Wednesday, April 19, 2006

cleanup reprint: poem writ about the group

note: this post furst appeared on 3/16/2005. i am deletin the ole one to git rid of the filthy lanks in the comments. i plan to do this fer a while till i git it all cleaned up. thankee fer yer indulgents.

yesterdy i tride to git back up on the horse name of life n pinions of buddy don, hillbilly. bout halfway thru i real eyesed how i wood need fer folks to be able to see a poem i writ fer n read to the group, witch twuz a parody of us all n menchuned the twelve mos reglar members. so today, i figgerd twood be rite to type it in fer ye. i caint find innythang of it but the handwrit draft, but tiz close a nuff fer ye to git a lil idee how we wuz.

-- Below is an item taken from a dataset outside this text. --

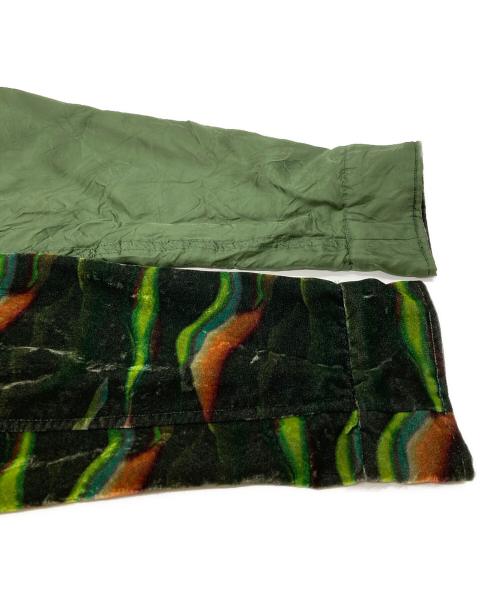TOGA VIRILIS（トーガ ビリリース）TOGA VIRILIS (トーガ ビリリース) リバーシブルコーチジャケット/Reversible Coach Jacket カーキ サイズ:46の古着・服飾アイテム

i wish i could find the final vershun on a counta how i had writ a lil pre-ambull to splain bout how henry mouffette wonted to start a literairy movement (lack a bowel movement, only made out of wurds). he figgerd our movement could be so major, twood be 'Beyond Tijuana.' it seemed lack a good rhymin challenge n i wonted to poke a lil fun at us all n i wonted to announce how i wuz a'gone try to wurk on a novel in sted of trine to write entertainin lil pieces each week, witch the odd thang bout that is how back then i felt a shamed of myself fer panderin to the audients, but now seems lack them 'panderin stories' wuz the bes thangs i writ fer the group.

but a nuff of that. without futher ado (or eggscuses), heres the poem:

Beyond Tijuana

When that Friday with his hours creeping
The drought of work week has left sleeping
And bathéd each bird beak with sweet liquor
From which a bird brain drunk can be assured,
Then swarm together at somebody's nest
A flock of chirping birds that ought to rest.

Their number is not constant week to week
For few are they who always show the beak
Yet of these few I now propose to speak.

And to those feathered friends that I leave out,
I only wonder what you cry about,
Since those I mention are the foolish birds
Who weekly wound us with their witless words.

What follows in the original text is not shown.